Wednesday, October 10, 2012

The Baker's Coat of Arms.

I will enjoy one more little dalliance with our source for the last few days - The academy of armory, … (1588)  by Randle Holme. It would be unfair to the author of this marvelous book to completely ignore one of his major themes – that of heraldry.

For all of you who ‘desire any knowledge in arts and sciences’, and most especially for those of you who practice the noble Art and Mystery of baking, I give you a description of the ancient coat of arms of the baker, as described by Mr. Holme.

“He beareth Sable, a Baker, with a Peel in his both hands Bendways, with a Loaf of Bread upon it, Or. Others who give a fuller description of it Blazon it thus, a Baker with his Peel in his hands bendwise, with a Loaf thereon, Or, a Cap on his head, his Waistcoat stripped above his Elbows, Argent, Breeches and Hose, Grey, Shooes, Sable; having an Oven fixed to the dexter side, Gules. This was the ancient Crest of the Bread Bakers of Chester, which now they have relinquished.”

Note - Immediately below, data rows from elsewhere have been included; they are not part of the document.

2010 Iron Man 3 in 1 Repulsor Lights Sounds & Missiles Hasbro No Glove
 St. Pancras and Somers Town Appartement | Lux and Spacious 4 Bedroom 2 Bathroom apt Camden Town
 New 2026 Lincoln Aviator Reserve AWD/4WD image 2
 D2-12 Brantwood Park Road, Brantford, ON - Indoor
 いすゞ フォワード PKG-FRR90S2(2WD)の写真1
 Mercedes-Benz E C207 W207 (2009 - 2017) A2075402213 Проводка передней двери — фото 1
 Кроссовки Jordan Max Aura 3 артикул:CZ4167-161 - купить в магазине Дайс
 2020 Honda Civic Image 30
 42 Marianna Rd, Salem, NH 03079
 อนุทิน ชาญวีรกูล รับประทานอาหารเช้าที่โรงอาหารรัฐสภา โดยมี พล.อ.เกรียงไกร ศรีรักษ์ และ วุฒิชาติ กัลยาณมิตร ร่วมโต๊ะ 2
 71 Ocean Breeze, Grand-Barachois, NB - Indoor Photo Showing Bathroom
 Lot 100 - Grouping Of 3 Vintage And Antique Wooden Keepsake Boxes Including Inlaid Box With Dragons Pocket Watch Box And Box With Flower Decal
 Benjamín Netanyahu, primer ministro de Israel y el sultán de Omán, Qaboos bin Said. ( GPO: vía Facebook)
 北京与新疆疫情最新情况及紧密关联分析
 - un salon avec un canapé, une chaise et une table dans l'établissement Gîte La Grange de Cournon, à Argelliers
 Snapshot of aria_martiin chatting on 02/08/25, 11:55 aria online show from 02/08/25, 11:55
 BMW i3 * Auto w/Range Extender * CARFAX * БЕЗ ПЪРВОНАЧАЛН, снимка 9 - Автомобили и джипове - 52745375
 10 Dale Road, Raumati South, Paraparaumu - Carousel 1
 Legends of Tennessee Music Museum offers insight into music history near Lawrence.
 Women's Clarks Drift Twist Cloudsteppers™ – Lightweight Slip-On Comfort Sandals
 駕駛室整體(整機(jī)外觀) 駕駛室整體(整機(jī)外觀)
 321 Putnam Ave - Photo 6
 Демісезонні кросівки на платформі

I had to look up the heraldic terms used in this description, the better to visualize this ancient crest: they are:

Sable: black
Or: gold
Argent: silver
Dexter: the right hand side of the shield (i.e, to the left of the spectator)
Gules: red

I thought you might also like the glossary of baking terms from 1588, as described in the book:

Terms used by Bakers.
Grind the Corn, to put it through the Mill to crush and bruse it.
Dress the Meal, is to sift it through a Sive, to take the fine from the course.
Fine Flower, the Dant of Heart of the Corn.
Bran or Scufting, the Husk of the Corn.
Bolt the Meal, is to turn it through a courser cloth, the make a courser Flower. This is called a Bolter.
A Batch is as much Flower made into dough, as is baked at a time.
Season the Liquor, is to put Salt or Spices in the hot Water, that is to Kn[e]ad the Meal.
Leaven, is Dough kept unbaked till it be Sower.
Leaven the Batch, is to put the Leaven broken in Water, and hide it into the middle of the Meal to sower the whole Batch.
Blend it up, is to mixt the Flower and Liquor to make it into a Paste.
Knead it, working the Flower and Liquor together.
Dough or Paste, is the Batch unbaked.
Break it, is to beat it with a long round thick Beater.
Couch the Dough, is the taking of it up as the Breaking puts it abroad.
Weight the Dough, is to weigh it so and to according to the Prices of the Loaves.
Mould it, make it into Loaves, or Rouls.
Cut it, is the running the Knife round the Loafe or Roul.
Prick the Loafe, is to make little holes on the top of the Loafe with a Bodkin.
Seal or Marke the Loafe, is to set the Bakers name or mark on it, that it may be known whose Bread is faulty, or not well made.
Set in, the putting of the Loafe into the Oven.
Draw the Bread, when it is well Baken, then it is taken out of the Oven.
Fire the Oven, to put Fire and Fuel into it, to heat.
Sweep the Oven, is to make it clean from Ashes.
Ashes, is the out-cast of the Firing.
Close the Oven, is to draw the stock before the Oven Mouth.
Stop the Oven, is to Lute about the Oven stock with Clay or Dirt out of the Street, to keep the heat in.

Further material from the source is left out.